Because FLOSS is handy, isn’t it?

Bandwidth shaping made easy with Trickle

Posted by isilanes on February 24, 2007

I have recently downgraded the bandwidth of my internet connection, switching to a flat rate (previously I had a monthly traffic limit, albeit with a wider bandwidth). This means that now I can download to my heart’s content, but it also means that when doing things like upgrading my Debian OS with aptitude, it eats all of my bandwidth, and I can barely do anything else in the Internet, untill all packages are upgraded.

A similar effect can happen when using p2p software like aMule or KTorrent, but these programs have options to throttle down their bandwidth usage (e.g., set maximum download and upload rates).

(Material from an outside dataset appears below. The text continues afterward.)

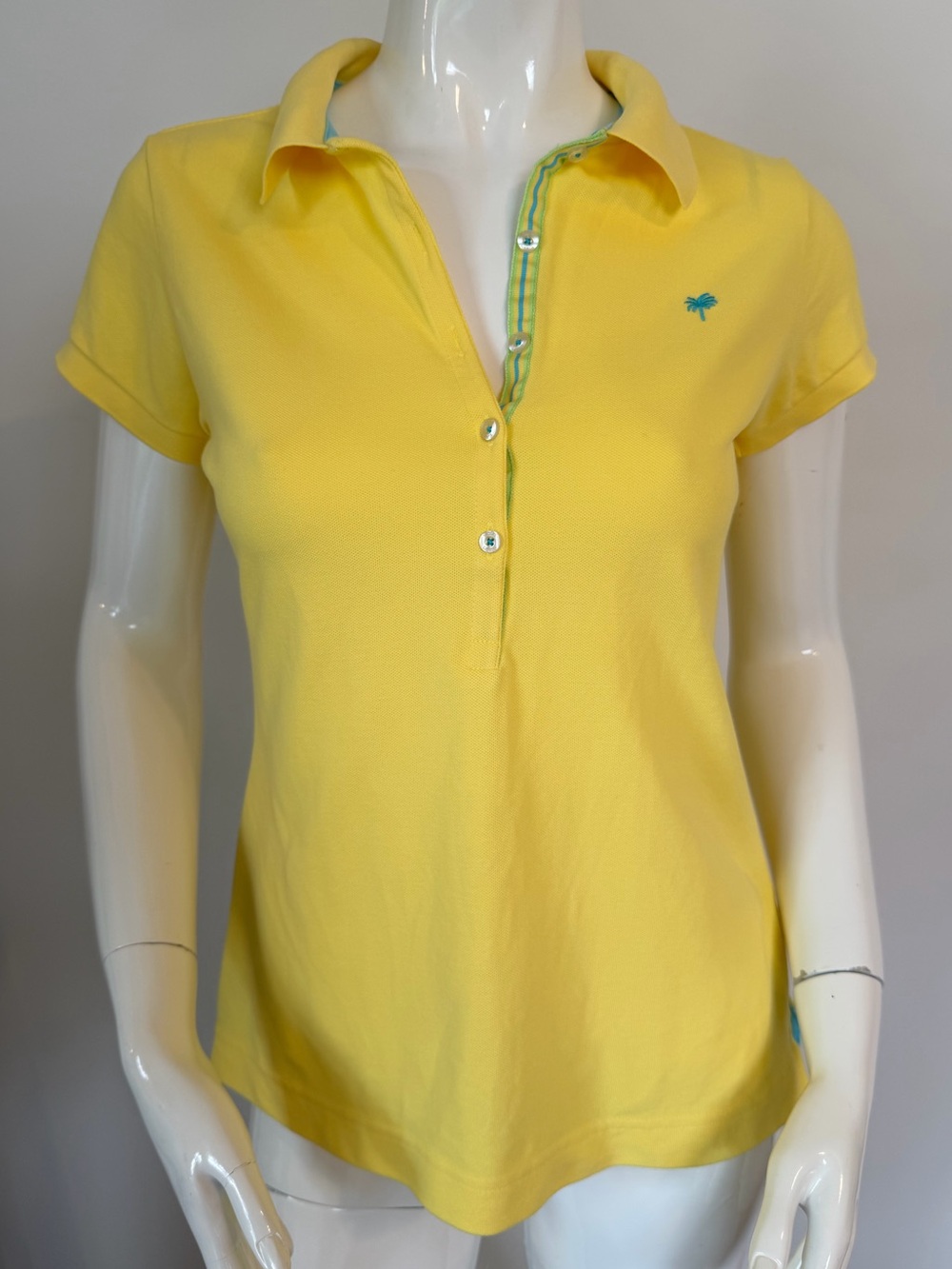 Vintage Lilly Pulitzer Polo Collared Yellow Tee with Palm Tree Decal size Medium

When dealing with programs that do not have this facility, we can always resort to Trickle, which can set arbitrary limits to any program it is used with. For example:

% trickle -d 20 aptitude upgrade

will run aptitude upgrade as usual, but with a maximum download rate of 20 kB/s. Note: aptitude usually spawns two processes (downloads files in couples, not one by one), and the limit imposed by trickle is applied to each process, so the used download bandwidth will be double that specified in the command line. Or, in other words, if you want aptitude to use X bandwidth, execute:

% trickle -d X/2 aptitude upgrade


2 Responses to “Bandwidth shaping made easy with Trickle”

  1. sylvainulg said

    hmm … nice thing to have. I think i shall use it more often than rsync -bwlimit ^_^

    btw, does it allow one to limit bandwidth a posteriori just like you can “renice -p 12345” ? can you “retrickle -p 12345 -bw 10K” ?

  2. Iñaki Silanes said

    AFAIK, you can’t. A dirty solution is to stop a transfer, and continue it with trickle… but sometimes it might be impossible/uncomfortable.